▶ _ABOUT THIS EXERCISE_
What lines of the data include the string "sale"? Copy them all.

Stored dataset items:
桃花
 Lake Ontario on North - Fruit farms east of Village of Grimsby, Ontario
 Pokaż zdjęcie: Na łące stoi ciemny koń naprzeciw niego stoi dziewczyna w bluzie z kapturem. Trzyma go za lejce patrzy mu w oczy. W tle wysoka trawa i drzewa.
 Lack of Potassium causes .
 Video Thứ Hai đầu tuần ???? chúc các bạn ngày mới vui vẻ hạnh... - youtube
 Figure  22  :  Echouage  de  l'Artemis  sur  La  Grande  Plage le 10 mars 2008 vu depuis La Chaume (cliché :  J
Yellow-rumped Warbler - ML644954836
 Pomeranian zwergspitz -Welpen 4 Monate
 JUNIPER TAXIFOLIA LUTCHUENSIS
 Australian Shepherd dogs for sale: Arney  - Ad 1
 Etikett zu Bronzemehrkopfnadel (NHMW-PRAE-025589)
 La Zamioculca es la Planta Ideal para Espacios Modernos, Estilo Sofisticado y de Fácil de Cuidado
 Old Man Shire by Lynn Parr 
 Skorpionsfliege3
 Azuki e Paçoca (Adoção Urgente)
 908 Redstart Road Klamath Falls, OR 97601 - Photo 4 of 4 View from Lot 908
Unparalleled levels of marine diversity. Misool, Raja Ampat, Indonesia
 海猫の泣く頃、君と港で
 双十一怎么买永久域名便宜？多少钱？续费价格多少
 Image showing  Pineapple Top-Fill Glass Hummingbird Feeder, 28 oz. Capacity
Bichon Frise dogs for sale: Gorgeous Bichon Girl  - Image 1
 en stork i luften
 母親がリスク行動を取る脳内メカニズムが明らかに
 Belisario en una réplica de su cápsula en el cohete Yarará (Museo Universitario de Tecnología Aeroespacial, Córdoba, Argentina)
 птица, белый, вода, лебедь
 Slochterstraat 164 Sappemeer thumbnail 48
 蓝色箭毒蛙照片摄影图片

▶ _WORKED SOLUTION_
 Australian Shepherd dogs for sale: Arney  - Ad 1
Bichon Frise dogs for sale: Gorgeous Bichon Girl  - Image 1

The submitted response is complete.